● The input:
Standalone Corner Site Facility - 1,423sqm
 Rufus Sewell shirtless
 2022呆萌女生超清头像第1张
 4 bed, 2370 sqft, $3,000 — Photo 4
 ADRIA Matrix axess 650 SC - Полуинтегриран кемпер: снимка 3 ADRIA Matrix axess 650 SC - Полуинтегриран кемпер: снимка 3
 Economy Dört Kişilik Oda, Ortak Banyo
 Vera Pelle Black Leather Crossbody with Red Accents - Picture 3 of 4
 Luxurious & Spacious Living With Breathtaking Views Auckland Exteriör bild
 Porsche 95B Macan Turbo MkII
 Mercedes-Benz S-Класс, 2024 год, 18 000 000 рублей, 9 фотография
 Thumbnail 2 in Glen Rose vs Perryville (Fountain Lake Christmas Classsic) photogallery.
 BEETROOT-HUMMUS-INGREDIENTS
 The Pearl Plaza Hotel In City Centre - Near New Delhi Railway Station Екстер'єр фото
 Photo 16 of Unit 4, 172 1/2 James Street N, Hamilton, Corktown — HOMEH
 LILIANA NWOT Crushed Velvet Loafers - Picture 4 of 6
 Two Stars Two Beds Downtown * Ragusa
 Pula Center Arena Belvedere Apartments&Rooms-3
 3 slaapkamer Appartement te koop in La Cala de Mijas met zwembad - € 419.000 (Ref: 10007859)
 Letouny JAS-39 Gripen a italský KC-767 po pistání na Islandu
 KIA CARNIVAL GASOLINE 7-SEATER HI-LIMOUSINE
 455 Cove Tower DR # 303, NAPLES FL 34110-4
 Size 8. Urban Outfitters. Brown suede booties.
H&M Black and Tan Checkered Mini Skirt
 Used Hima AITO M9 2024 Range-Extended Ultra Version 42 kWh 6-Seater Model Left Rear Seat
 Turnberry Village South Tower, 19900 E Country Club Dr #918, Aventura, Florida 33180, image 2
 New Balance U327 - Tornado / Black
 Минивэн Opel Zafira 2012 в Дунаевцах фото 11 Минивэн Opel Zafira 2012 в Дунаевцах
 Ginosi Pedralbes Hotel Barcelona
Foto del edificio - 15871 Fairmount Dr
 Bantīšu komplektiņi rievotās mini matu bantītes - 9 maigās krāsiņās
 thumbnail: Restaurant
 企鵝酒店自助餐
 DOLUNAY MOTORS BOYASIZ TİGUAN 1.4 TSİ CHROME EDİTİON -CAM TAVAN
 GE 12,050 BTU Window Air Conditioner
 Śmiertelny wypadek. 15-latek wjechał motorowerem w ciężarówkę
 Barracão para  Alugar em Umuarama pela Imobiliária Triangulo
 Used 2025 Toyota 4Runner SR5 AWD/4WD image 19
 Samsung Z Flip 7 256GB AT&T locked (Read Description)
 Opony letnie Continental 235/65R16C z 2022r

● Problem description: Starting at the line that has "4 bed, 2370 sqft, $3,000 — Photo 4" in the records above, restate word for word every line until the one that has "Mercedes-Benz S-Класс, 2024", and include that one as well.

● Solution:
 4 bed, 2370 sqft, $3,000 — Photo 4
 ADRIA Matrix axess 650 SC - Полуинтегриран кемпер: снимка 3 ADRIA Matrix axess 650 SC - Полуинтегриран кемпер: снимка 3
 Economy Dört Kişilik Oda, Ortak Banyo
 Vera Pelle Black Leather Crossbody with Red Accents - Picture 3 of 4
 Luxurious & Spacious Living With Breathtaking Views Auckland Exteriör bild
 Porsche 95B Macan Turbo MkII
 Mercedes-Benz S-Класс, 2024 год, 18 000 000 рублей, 9 фотография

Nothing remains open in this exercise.